Quality Metrics

Good compression must produce transparent quality

In video coding, transparency is when the compressed result is perceptually identical to the uncompressed source.

But the challenge is how to measure transparency.

Today the most reliable way is by doing subjective experiments: asking humans to rate the quality of videos on a scale of 1 (poor) to 5 (excellent). Taking the average of these ratings gives the so-called Mean Opinion Score (MOS).

MOS measurements take much time, cost a lot, and are hard to repeat. Plus, can’t embed real-time quality management systems or automated design processes.

We need algorithms that measure video quality in real-time and give reliable metrics for all kinds of content and distribution networks. One that works for 5G may not do well for content editing on the cloud.

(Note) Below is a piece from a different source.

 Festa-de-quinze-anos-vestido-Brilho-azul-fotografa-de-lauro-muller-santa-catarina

There are currently two types of video quality metrics.

First, full-reference (FR) metrics need the original uncompressed video. This is simply not available in many real-time applications, though it’s useful for lab experiments whenever subjective tests are not practical (due to time and cost limitations).

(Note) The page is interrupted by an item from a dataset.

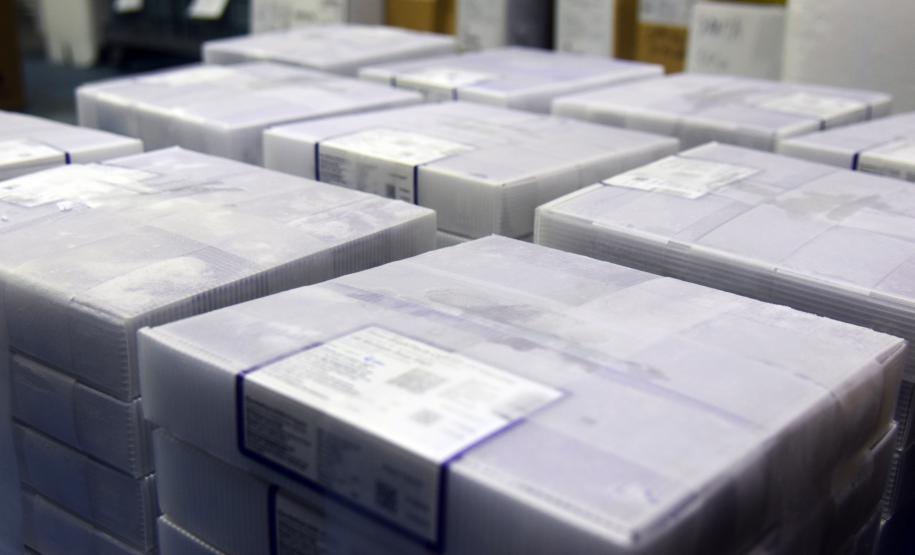 Paraná recebe 136,8 mil vacinas contra a Covid-19 e inicia distribuição de 361,7 mil imunizantes nesta sexta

Second type is no-reference (NR) video quality metrics. There are quite a few for still images, yet none with adequate performance for video. The problem is NR metrics adopted from still imaging don’t work well for temporal artifacts like motion jerkiness or “mosquito” effects.

RayShaper researchers are using AI algorithms to develop NR metrics for video. Deep convolutional neural networks are used to extract features from compressed content. Selected features in both spatial and temporal characteristics are then used to measure perceived quality. Our goal is to help cloud-based content producers and distributors provide transparent viewing quality.